One-Month Price Comparison
Image Source: Zacks Investment Research
Currently trading at $128.95, the stock rebounded 4.7% from its 52-week low of $123.12 on Aug 8. However, it still reflects a significant 25.4% discount from its 52-week high of $172.75.
In fact, UPS shares have plummeted more than 37% over the past two years. Additionally, this transportation company’s stock has slipped below its 50-day moving average, which is an important indicator for gauging market trends and momentum. Falling below this average suggests a bearish trend, often prompting caution to investors.
50-Day Moving Average
Image Source: Zacks Investment Research
Given the significant pullback in UPS shares currently, investors might be tempted to snap up the stock. But is this the right time to buy UPS? Let’s find out.
Lackluster Q2 & Bearish Guidance
On Jul 23, UPS shares took a severe beating, declining in double digits following lower-than-expected second-quarter 2024 revenues and earnings per share. Weak freight demand and soft pricing led to the dismal show.
Quarterly earnings of $1.79 per share missed the Zacks Consensus Estimate of $1.98 and declined 29.5% year over year. Revenues of $21.82 billion fell short of the Zacks Consensus Estimate of $22.31 billion and decreased 1.1% year over year.

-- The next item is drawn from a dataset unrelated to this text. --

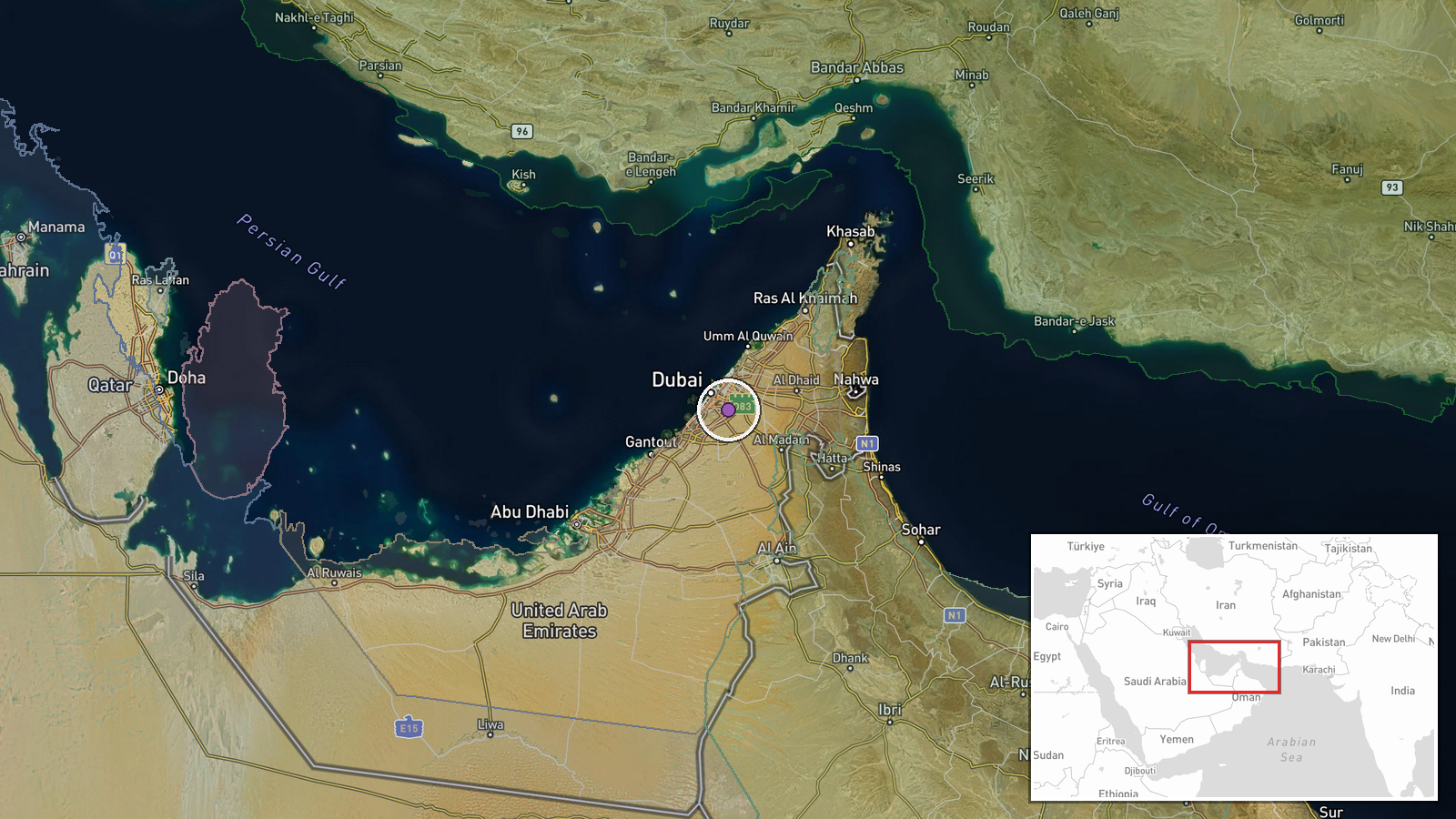Dubai International Airport, Dubai, UAE — Airspace Closure location map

Geopolitical uncertainty and high inflation continue to hurt consumer sentiment and growth expectations, particularly in Asia and Europe. The weak demand scenario due to the economic slowdown has also resulted in a decline in the volume of packages shipped. With shipping volumes likely to remain weak, UPS cut its revenue outlook for the current year.

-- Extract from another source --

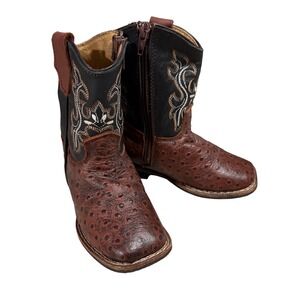 Unbranded Western Boots Kids 7 EUC‎ Brown Black Leather Ostrich Square Toe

For 2024, UPS now anticipates revenues to be around $93 billion (prior view: $92-$94.5 billion). For 2024, UPS now expects the consolidated adjusted operating margin to be around 9.4% compared with the prior expectation of 10%-10.6%.

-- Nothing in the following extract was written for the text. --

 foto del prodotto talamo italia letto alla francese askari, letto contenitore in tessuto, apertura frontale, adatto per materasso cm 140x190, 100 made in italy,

The 2024 guidance includes revenues from its truckload brokerage business Coyote Logistics, which UPS is selling to RXO, Inc. (RXO - Free Report) . The transaction is expected to close by 2024-end, thereby freeing up cash that UPS aims to deploy for buying back shares worth $500 million.
Other Headwinds
The deal with the Teamsters union is likely to increase labor costs significantly. Per UPS management, due to this deal, wage and benefit costs will increase at a 3.3% compound annual growth rate for the next five years. We expect the company’s expenses on compensation and benefits to increase by 3.3% in 2024 from 2023 actuals.
Rising capital expenses further add to its woes. In 2022, UPS incurred $4.77 billion of capital expenditures, up 13.7% year over year. Capex increased further to $5.2 billion in 2023. The capex guidance of $4 billion for 2024 is not very low. Capital expenditure spending doesn't come to an end after buying an asset. Companies need to keep up with repairs and maintenance to protect the value of the investment. Such elevated capex in this weak demand scenario may dent current-year profit margins.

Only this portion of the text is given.